Trading riding at speed down hills for the steep, banked curves of a velodrome and single, fixed gear, brakeless track bikes was an adjustment.
“It’s a different type of scary because you go so much faster,” Gies smiled.
He does six days a week of interval-based training and gym work focused on strength and conditioning, two days through the summer on the Milton velodrome, one of just three tracks in Canada, along with Edmonton’s and a third in Bromont, Quebec. Although still young and developing, his strengths would include high-end power dovetailing with sprints, and also, in a sport where there is no free ride to the podium, a willingness to embrace and complete every portion of his workouts.

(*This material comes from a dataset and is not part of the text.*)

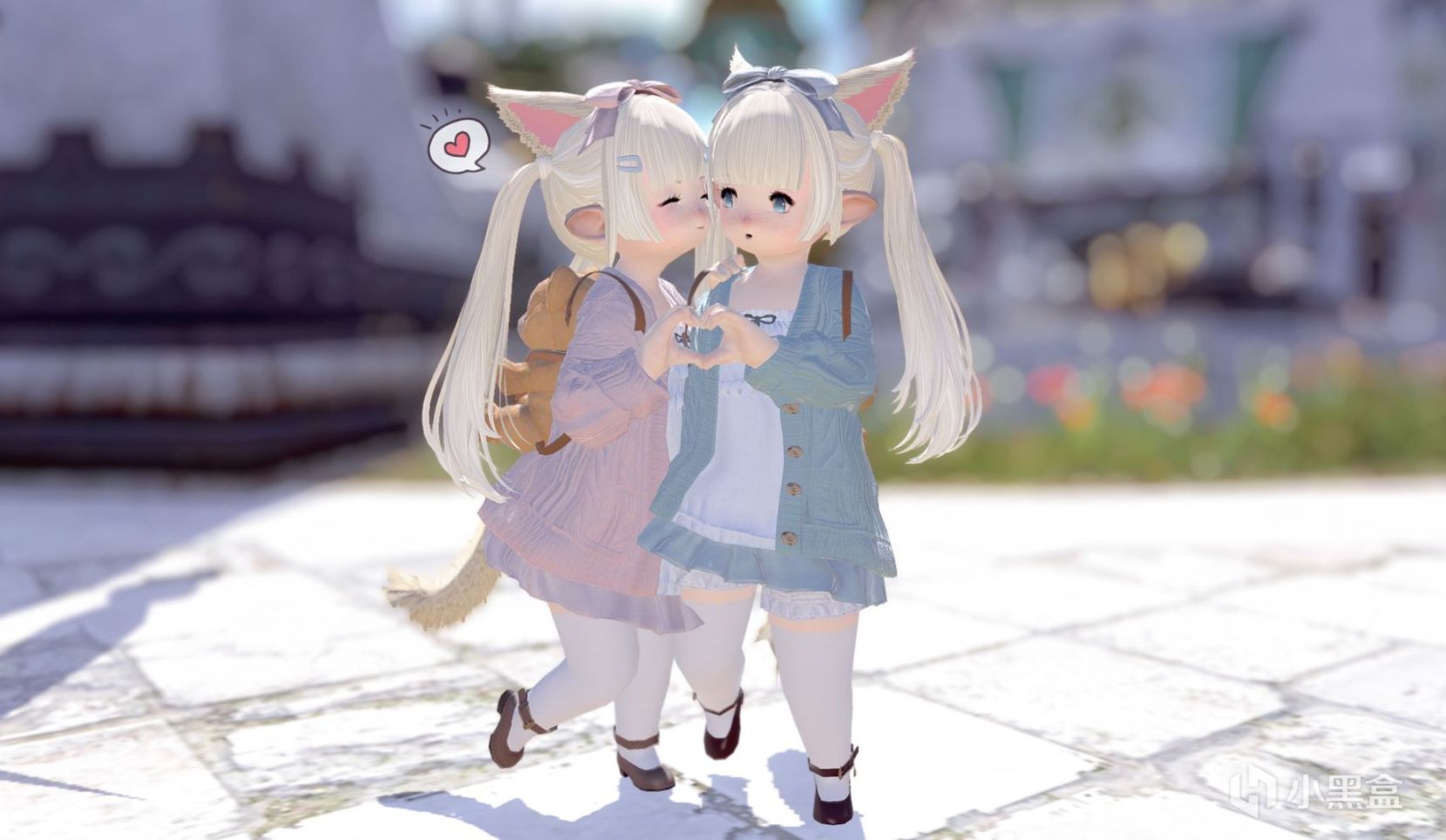 【快樂的前提是沙雕第九期】分享+沙雕=快樂-第18張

“It gives you a purpose,” said Gies, who prefers heading to the start line knowing he has done everything he can to be successful. “I don’t want to have a ‘what if.’
“You know you work so hard, you have a shot at the podium.”
He won five medals at last year’s cycling nationals, upping that total this year with six golds and a silver, along with better times.
“It was a fantastic three days,” said Gies. “You don’t have to be winning all the time, but the wins help you go.”
Track racing is a combination of speed, tactics and circumstance, some head-to-head events for example, unfolding at a comparative snail’s pace before one rider decides to make a break for it.
“You can beat people who are faster than you if you outrace them.”
There is also a significant mental component to racing. Despite the fickle nature of the Keirin, Gies was frustrated he had finished second - lost in his mind - requiring a quick reboot.
“The mental game can ruin you,” he said. “You can’t let it affect you, you have to bounce back. I was obviously upset with it but it was the first day so I couldn’t let it upset me.”
Having literally been to the top of the podium in the U17 division, Gies now faces the prospect of starting at the bottom and beginning his climb through the U19 ranks nationally and hopefully beyond.
U19 does include the opportunity to compete internationally for Canada, through achieving qualifying standards, training for which has become his primary goal. His U17 victory in individual pursuit did qualify Gies for a first taste of that, a berth in Apeldoorn, Holland’s U19 showcase event.
There is a big gap from where he is now to where he wants to get to, says Gies, but he feels it is manageable should he continue to progress across the next two years.
“We’ll see what happens,” he concluded. “It’s just a lot of training, a lot of training.”